Listing 6.1: Sample XML document

 <?xml version="1.0" encoding="ISO-8859-1"?> <!-- CarPolicy applicant --> <Insured Customer>    <CarPolicy PolicyType="Auto">       <Vehicle Category="Sedan">          <Make>Honda</Make>          <Model>Accord</Model>       </Vehicle>       <Vehicle Category="Sport" Domestic="True">          <Make>Ford</Make>          <Model>Mustang</Model>       </Vehicle>    </CarPolicy>    <CarPolicy PolicyType="Antique">       <Vehicle Category="Sport">          <Make>Triumph</Make>          <Model>Spitfire</Model>       </Vehicle>       <Vehicle Category="Coupe" Domestic="True">          <Make>Buick</Make>          <Model>Skylark</Model>       </Vehicle>       <Vehicle Category="Sport">          <Make>Porsche</Make>          <Model>Speedster</Model>       </Vehicle>    </CarPolicy> </Insured>

Here's a kind of XPath expression (called a location path) for accessing the make of the vehicles whose Category value is Coupe.

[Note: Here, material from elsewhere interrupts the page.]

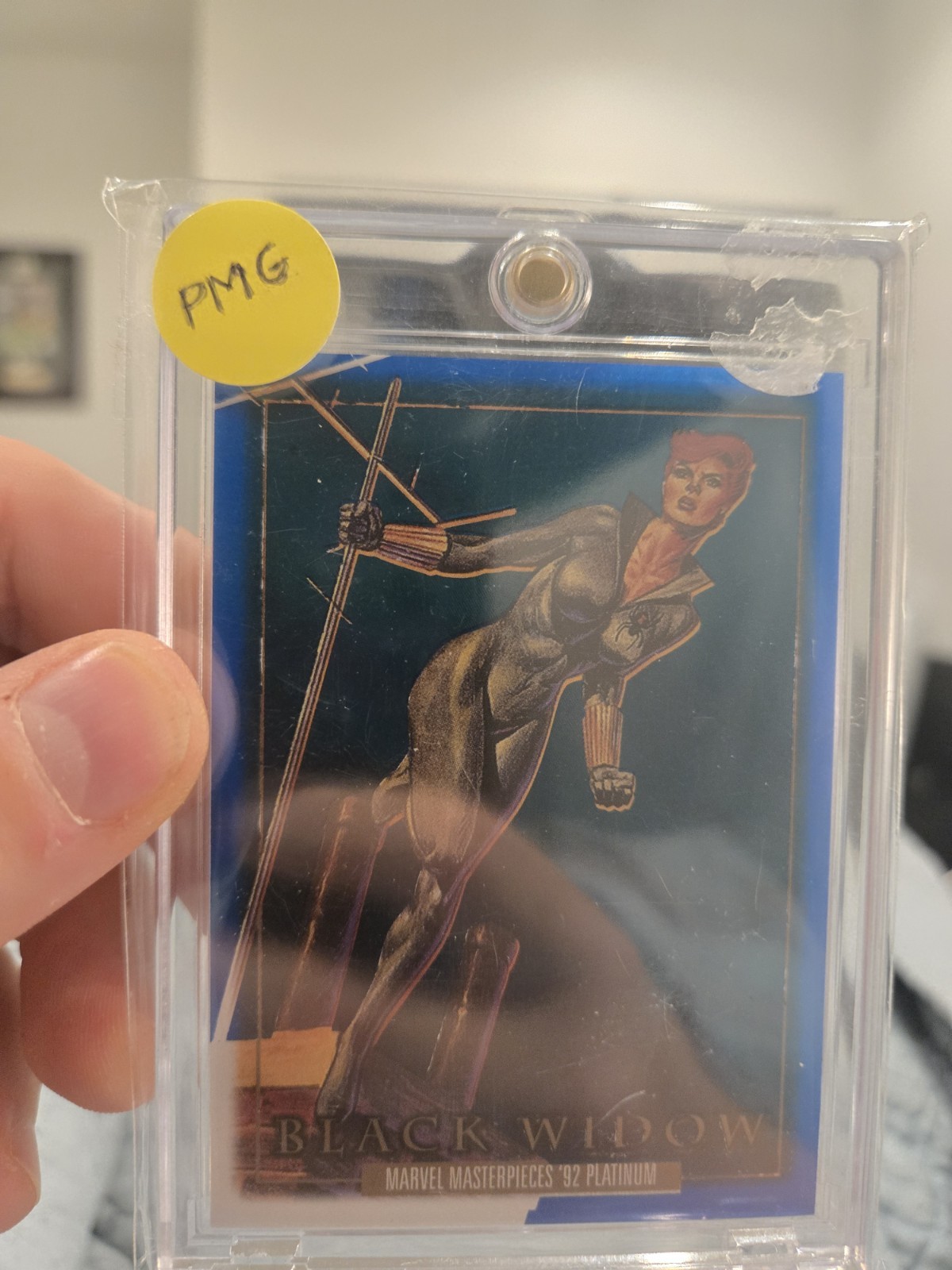 Upper Deck 1992 Marvel Masterpieces Platinum Black Widow Blue Pmg /50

 /Insured/CarPolicy/Vehicle[@Category='Coupe']/Make

As we describe this expression in the following paragraphs, we refer to nodes by a type name, as when we say Vehicle node.

The initial virgule (/) in the expression indicates that the search for data starts at the root node. The set of characters between one virgule and the next represents a location step. Each location step selects nodes based on criteria that you specify.

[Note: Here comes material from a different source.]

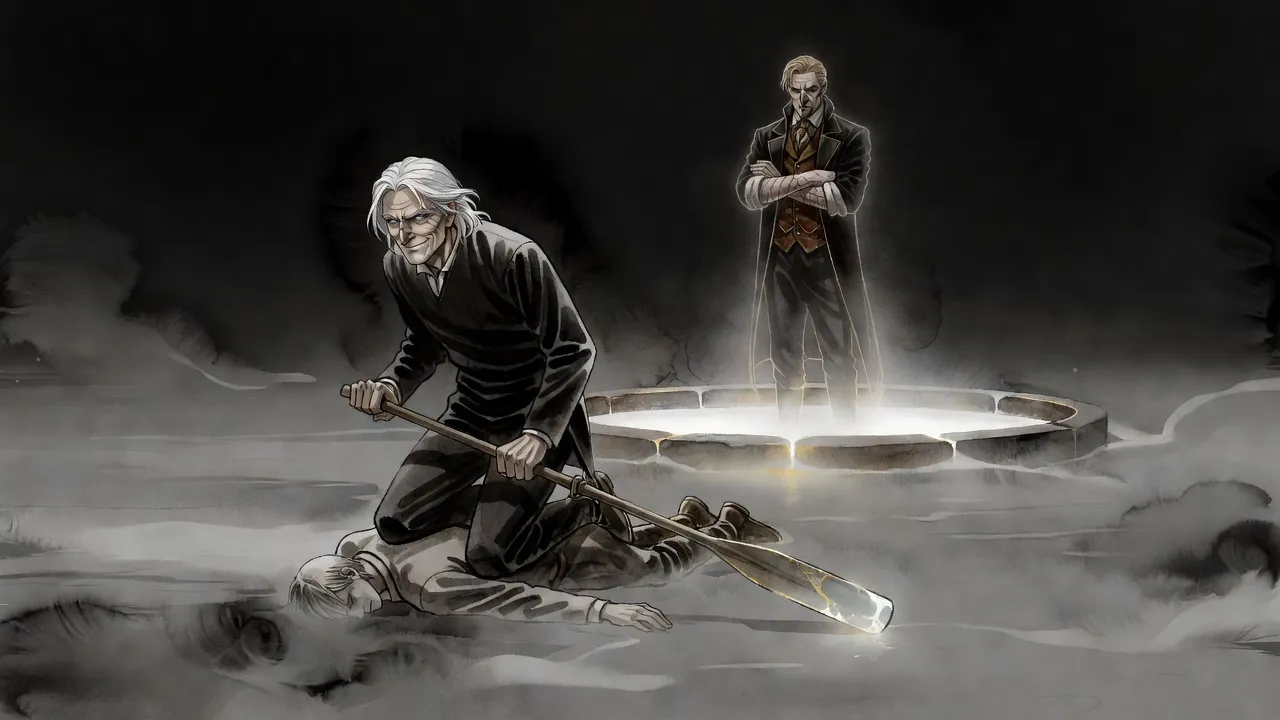 A white-haired man kneels on a floating body like a raft, pushing across a sea of mist with a short glowing oar toward a man on the rim of a glowing pool.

The first step (Insured) brings the search to the node that is subordinate to the root node and has details on the root element. The Insured node refers to a single element, but the general rule is important: location steps provide access to a node set, which is a group of nodes that (with exceptions) are arranged in XML-source order (an order that reflects the sequence of content in the XML source) or is an empty set. An empty set is the outcome when no node conforms to the selection criteria.

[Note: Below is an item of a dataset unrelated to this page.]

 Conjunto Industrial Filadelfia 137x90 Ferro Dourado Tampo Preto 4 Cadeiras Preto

We will have more to say about ordering in due time.

In general terms, a location path is an XPath expression that resolves to a node set. An absolute location path is one that starts at the root node, and a relative location path is one that starts in the middle of a node tree.

The second step in our sample expression (CarPolicy) brings us to a node set that has multiple members - specifically, a set of all CarPolicy nodes that are children of the Insured node.

The third step (Vehicle[@Category='Coupe']) continues the path, referencing all Vehicle nodes that are children of any CarPolicy node that is itself a child of the Insured node. The brackets ([]) and the syntax internal to them is a predicate, which contains a Boolean expression or (as shown later) an abbreviation that is expanded to a Boolean expression. The XPath processor selects only the nodes for which the expression evaluates to true.

In this case, the location step means "access all the Vehicle nodes, with the further restriction that the string value of the Category attribute node is Coupe." When you refer to an attribute node in a predicate, you precede the name with the "at sign" (@), as shown.

Here's another predicate, outside our example.

 [@Exterior='white' and @Interior='red']

You might read this as, "… with the further restriction that the exterior is white and the interior is red."

Continuing with our main example, the fourth step (Make) completes the path, referencing the Make node for the Vehicle nodes whose Category attribute value is Coupe. In this case, the overall expression resolves to an element node whose string value is Buick.

XPath cannot create nodes or add detail to an XML source. You can use XPath in the context of XSLT, however, to create output that is based on, first, an XML source and, second, a set of directions (including XPath expressions) that are supplied in an XML stylesheet. If you use the instructions in Appendix B to try out XPath expressions, you'll be creating an output with XSLT.